> WHAT IS NEEDED
Below are records with pictures in them. Transcribe everything from the line containing "Q3 45 TFSI e LED+NAVI+GJR" down to the line containing "Button down - Picture 2 of 3", exactly, and leave the pictures behind.

> AVAILABLE DATA
--
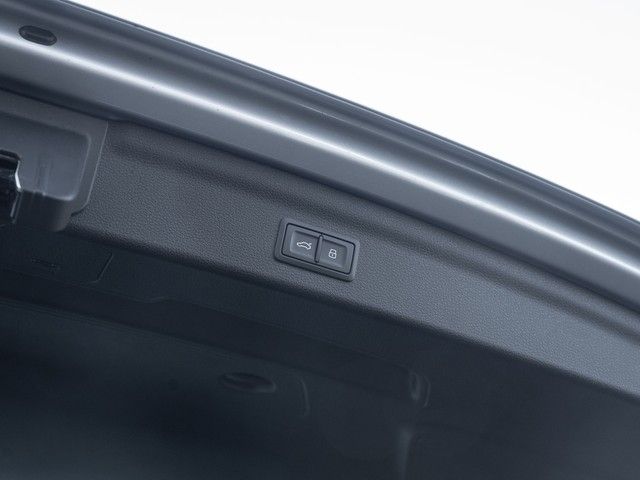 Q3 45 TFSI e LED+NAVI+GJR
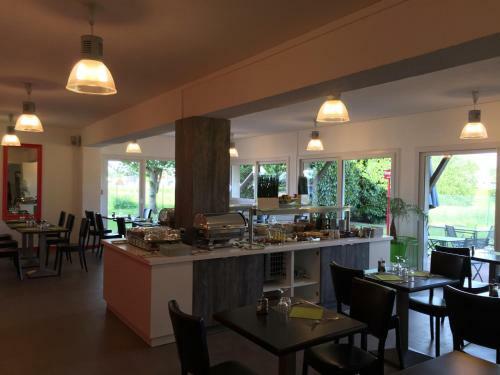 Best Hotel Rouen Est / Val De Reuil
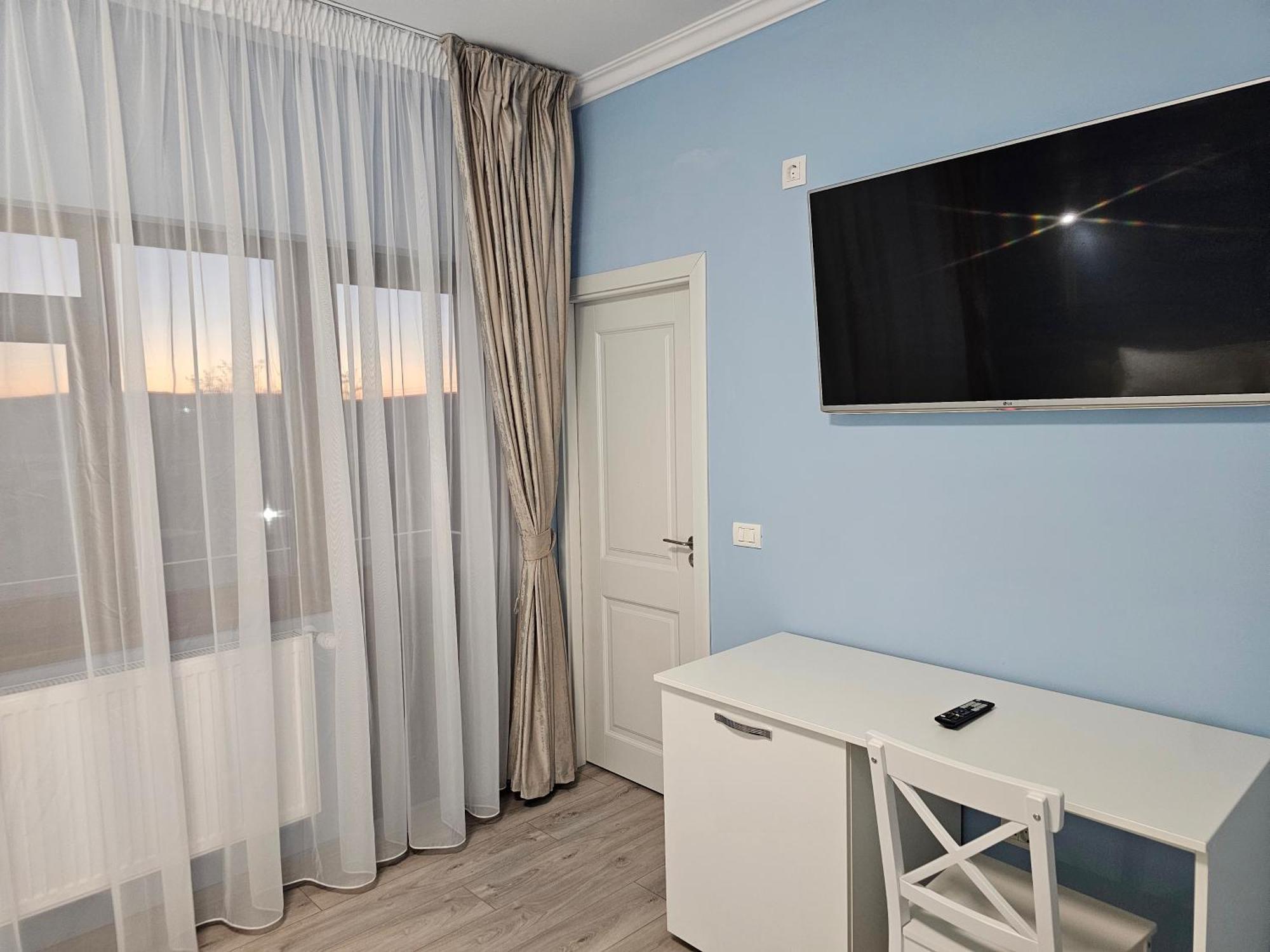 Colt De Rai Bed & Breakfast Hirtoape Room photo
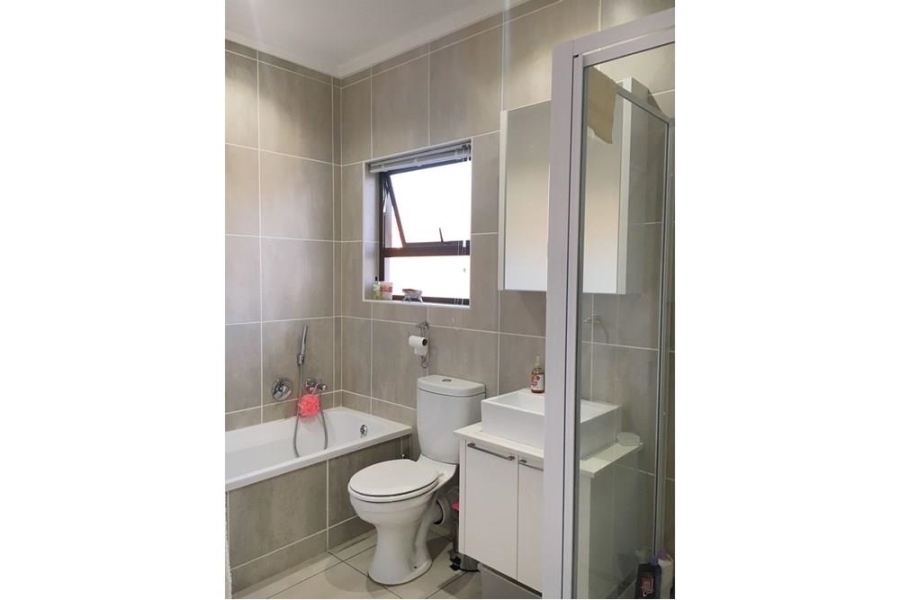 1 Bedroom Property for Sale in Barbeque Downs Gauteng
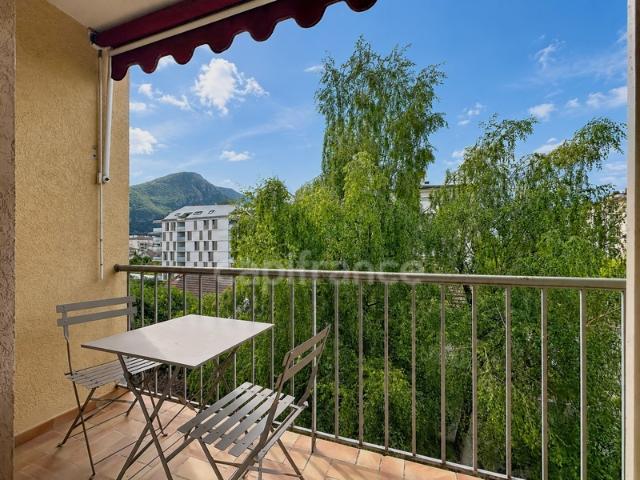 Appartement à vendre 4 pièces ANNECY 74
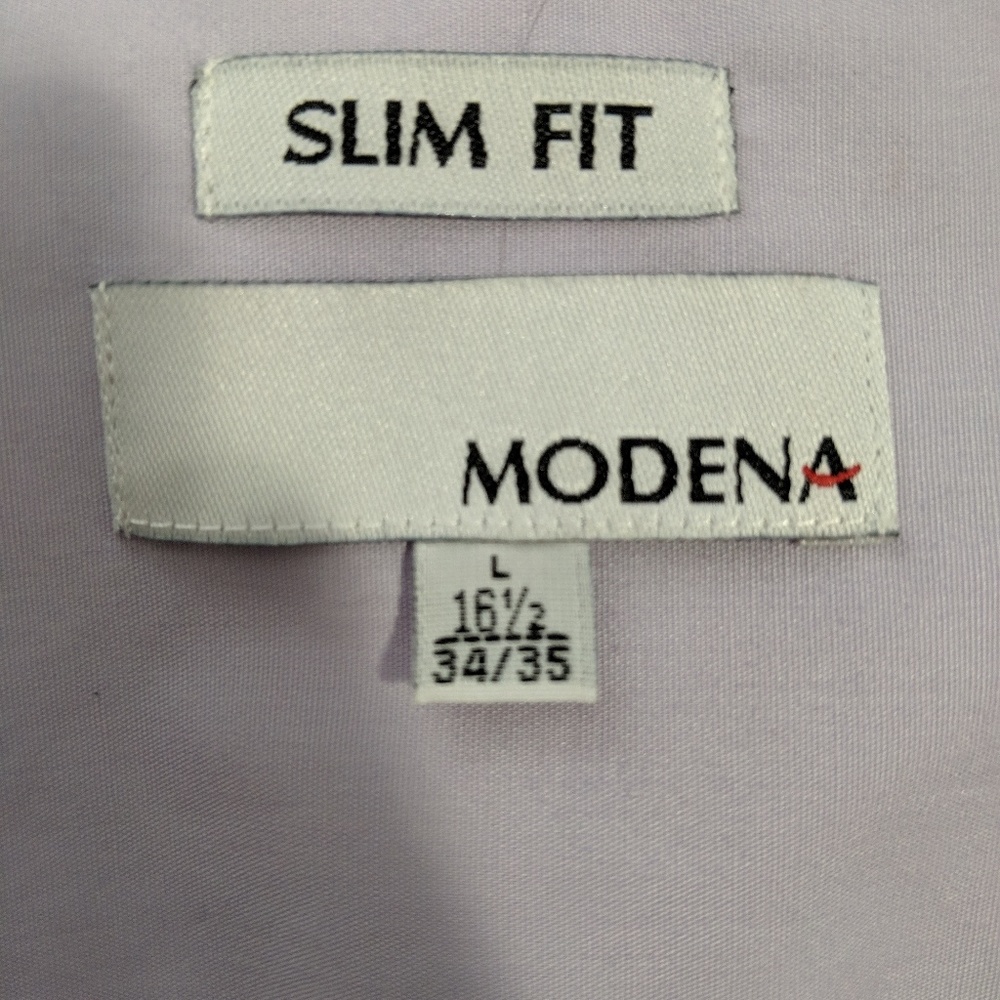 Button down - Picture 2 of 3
--
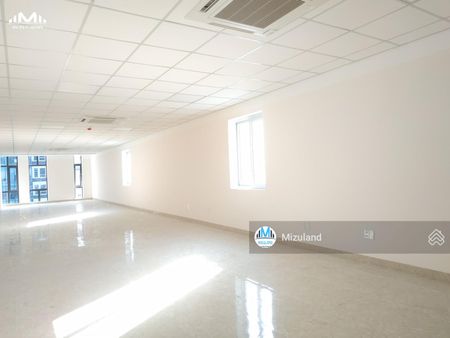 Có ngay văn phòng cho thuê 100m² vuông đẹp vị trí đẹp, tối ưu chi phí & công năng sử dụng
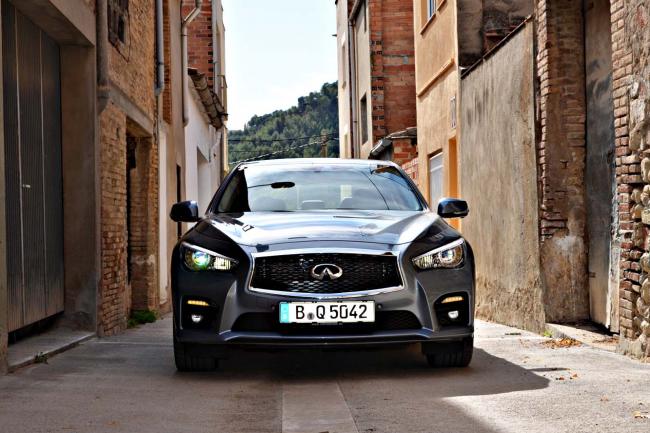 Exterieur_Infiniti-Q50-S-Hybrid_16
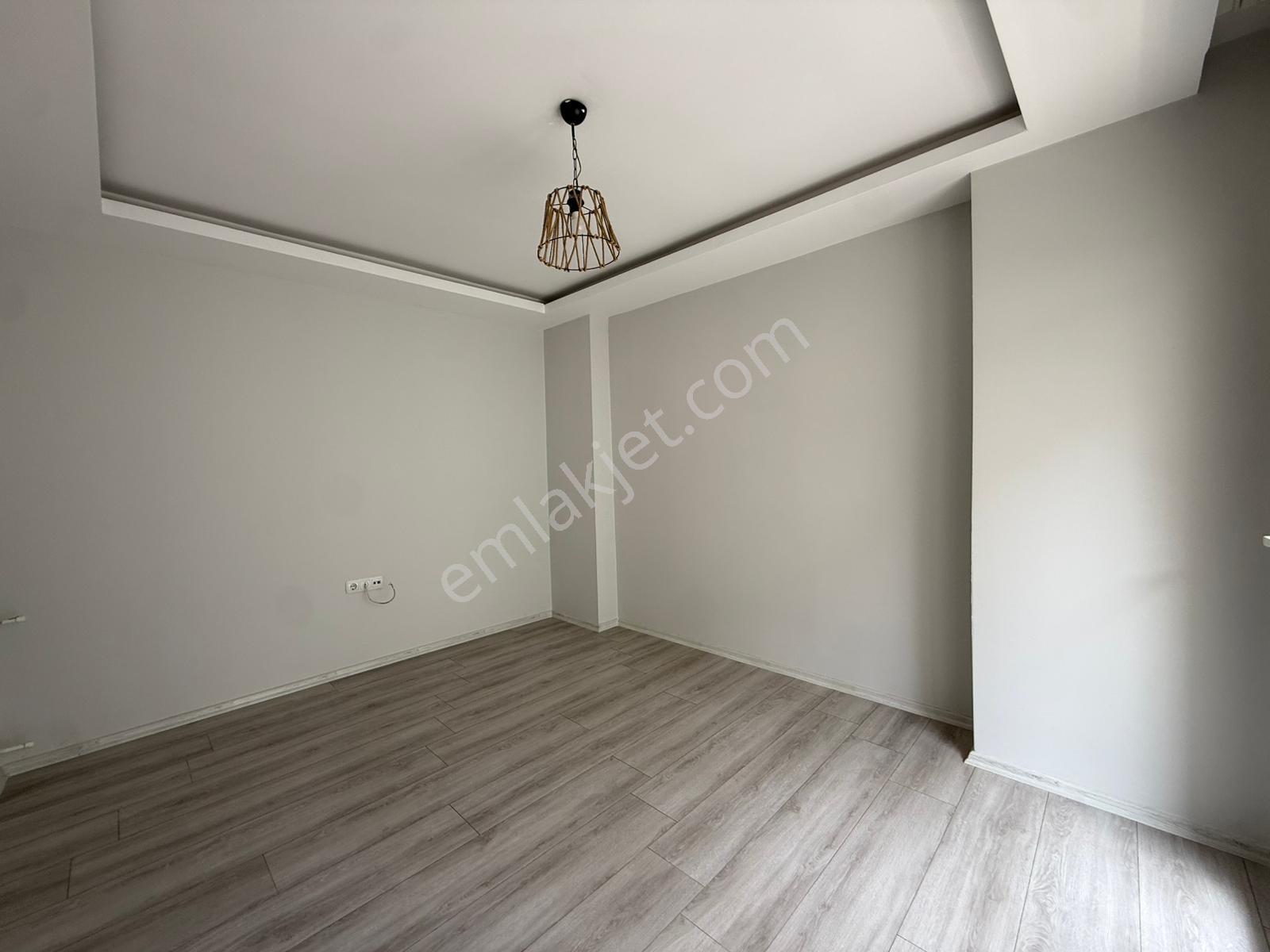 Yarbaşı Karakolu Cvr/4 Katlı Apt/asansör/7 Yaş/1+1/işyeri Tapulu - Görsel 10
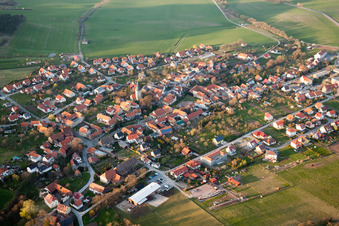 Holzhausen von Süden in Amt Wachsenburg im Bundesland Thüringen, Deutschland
--
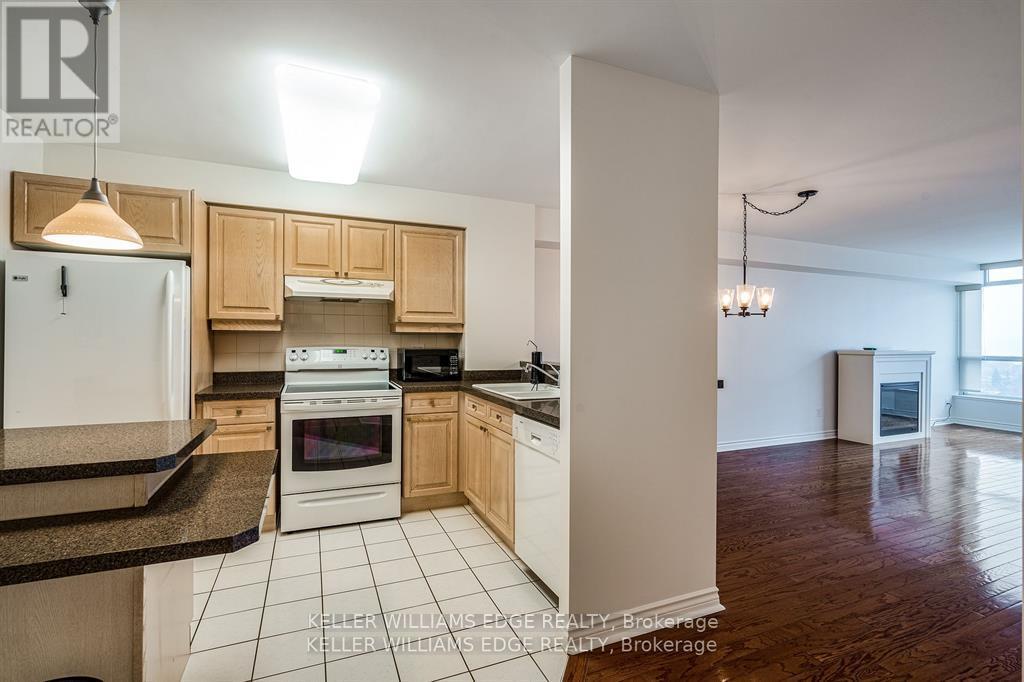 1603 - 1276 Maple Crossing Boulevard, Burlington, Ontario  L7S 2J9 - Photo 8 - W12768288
--
> PROBLEM SOLUTION
 Q3 45 TFSI e LED+NAVI+GJR
 Best Hotel Rouen Est / Val De Reuil
 Colt De Rai Bed & Breakfast Hirtoape Room photo
 1 Bedroom Property for Sale in Barbeque Downs Gauteng
 Appartement à vendre 4 pièces ANNECY 74
 Button down - Picture 2 of 3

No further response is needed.